The beach is making me anxious.
It seems backwards, I know. But the easy, rhythmic breaking of the waves is suspect after prior high-speed adventures in north India.
After a little over two weeks of intense, concentrated places like Mumbai, the state of Rajasthan, Agra and Delhi, I found myself deposited on Palolem Beach in the state of Goa, an easygoing, tiny place with fresh seafood and countless tourists eating it, not haggling for a thing.
I walked down the singular, main road of the town last night (Feb 9) and wasn’t pitched to by a single shopkeeper or taxi driver. Return walk? Same thing. Am I still in India? Not the one I knew. And I’m strangely suspicious. Are my new found northern India battle skills and tense shoulders worth nothing here? Perhaps.
I’m now traveling solo again, after two weeks of a moving about with travel buddy Kelly. Social interaction was a constant then, now it requires a bit more effort. Give me another day or two, and I’ll be the guy walking up to your lunch table asking to join, after I listen in for a few minutes to your ongoing in-English conversation on Lombok, touts, the time you taught English in China, or Danish vocabulary. “May I join you?” The answer is almost always yes.
I spent four nights and three days in Palolem sleeping late, getting sunburnt and catching up on internet time (there’s plenty of wifi here, unlike so many places in India).
The beach itself was a palm-lined arc of sand – not too much trash on the ground and an absence of kids selling trinkets. Not bad. The water of the Arabian Sea was warm enough for swimming, but murky/lacking of visibility. No diving to do here.
The party vibe of Goa that I had heard about was in short supply: the beach more or less shuts down completely at 11:00 PM. Regardless, there were 650 ml bottles of beer to buy for 60 Rupees at the store on the main drag (much cheaper than the 150 I had grown accustomed to paying), and artillery-style fireworks that any tourist can purchase and fire off at will on the beach – so loud that I thought the town was under siege. Had the Portuguese come to take Goa back five hundred years after they first landed here in 1510?
I made some backpacker friends on Palolem Beach and found their small palm-tree-fueled campfires for a couple of consecutive nights, each one shut down by a security guard or a lack of beer or timber. It was fun, but it was no all-night-trance/dance party. Fine with me. But can I at least hang out until midnight, Goa?
Three beach days was enough – I packed the bag and jumped on the local bus north to Madgaon for connection to Panaji, the sleepy capital of the state of Goa, where I stayed for one night.
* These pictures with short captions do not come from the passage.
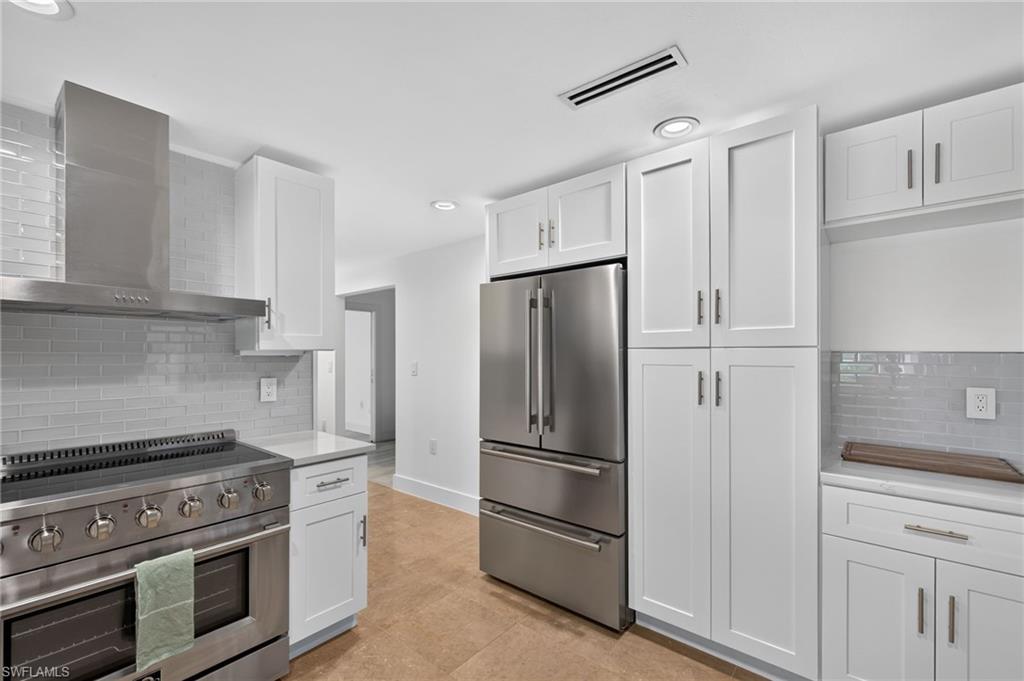 BEACHVIEW COUNTRY CLUB ESTATES - Residential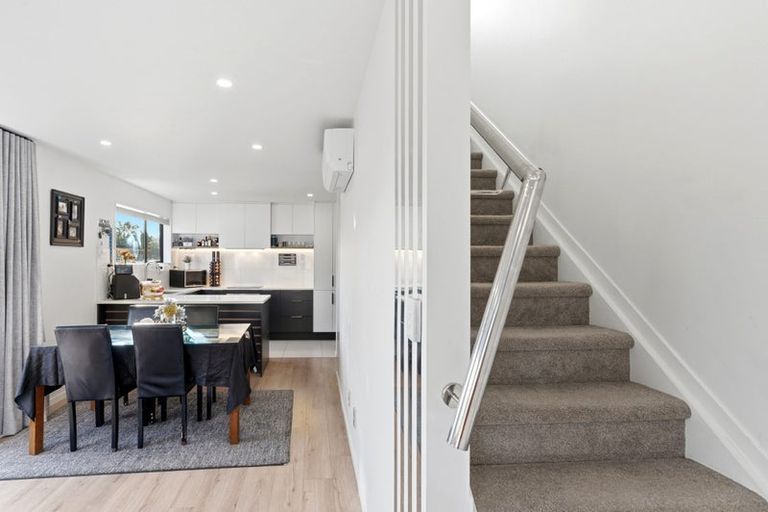 Photo of property in 70d Stanley Road, Glenfield, Auckland, 0629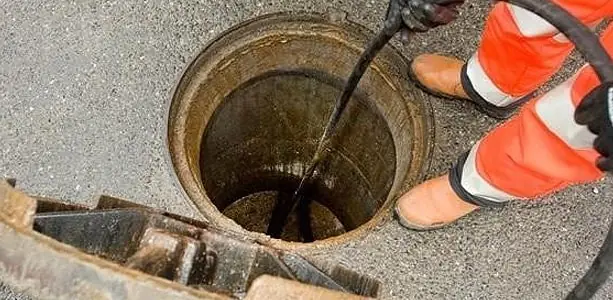 Débouchage de regard et canalisation d'égout dans les Yvelines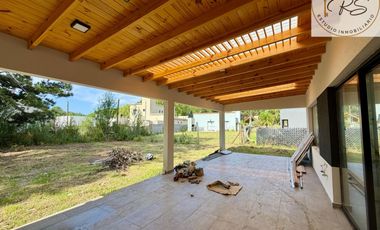 Casa a estrenar en lote propio c/ cochera en Costa del Este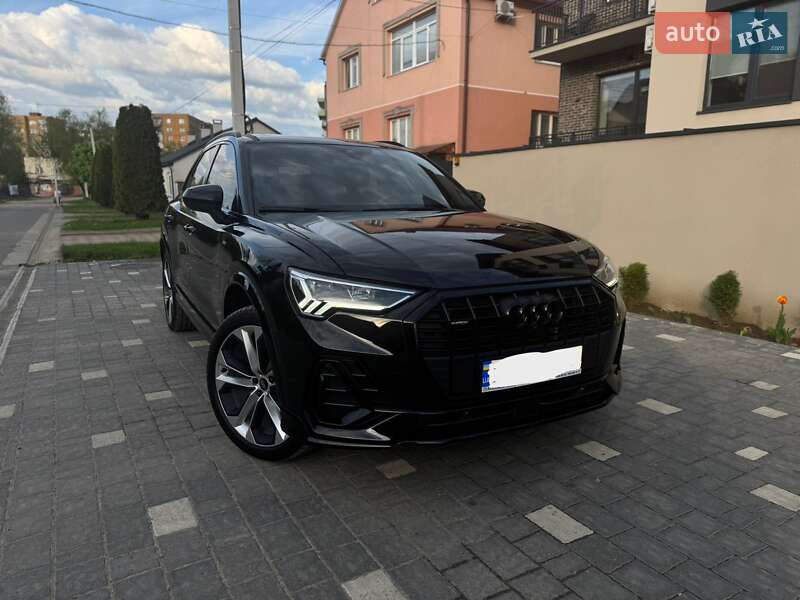 Внедорожник / Кроссовер Audi Q3 2022 в Киеве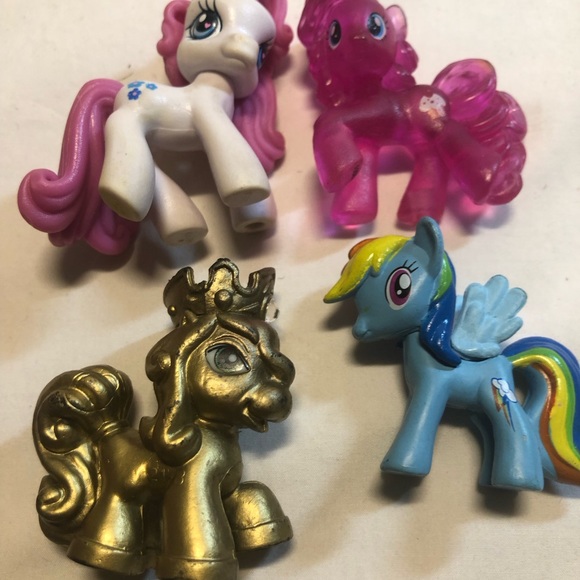 Lot If 12 My Little Pony Mini Figures 2” Rainbow Dash Sweetie Belle Apple Jack - Picture 3 of 11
First touristic stop: Old Goa, a collection of large whitewashed churches and other religious structures built by the Portuguese beginning in the 16th century. Old Goa is about a 10 km ride from Panaji on the city bus.
All these garish, massive churches, in INDIA? Yeah, colonialism is kind of a weird thing. Old Goa is unique in India, considering its Christian history and architecture, but it wasn’t terribly entertaining to visit. After one trip to Europe, you’ll likely be forever burnt out on seeking cathedrals and relics. Bored, I began quietly wondering why I had even come to Old Goa.
After three or four hours getting blinded by direct sunlight bounced off bright white stone walls, I was done finding Jesus in Old Goa. Back to Panaji for the night, and an a disappointing dinner of prawns vindaloo that tasted like store-bought barbecue sauce.
Disappointing dinner aside, Panaji still has its charms. The market is fairly nice, it’s got another proud white Portuguese-style church, the town is small enough to get a grip of in short order and the streets have an old colonial charm to them. But it wasn’t so charming that I needed to spend more than one night there. I booked a night bus leaving the next day from Panaji to Hampi, Karnataka and headed inland.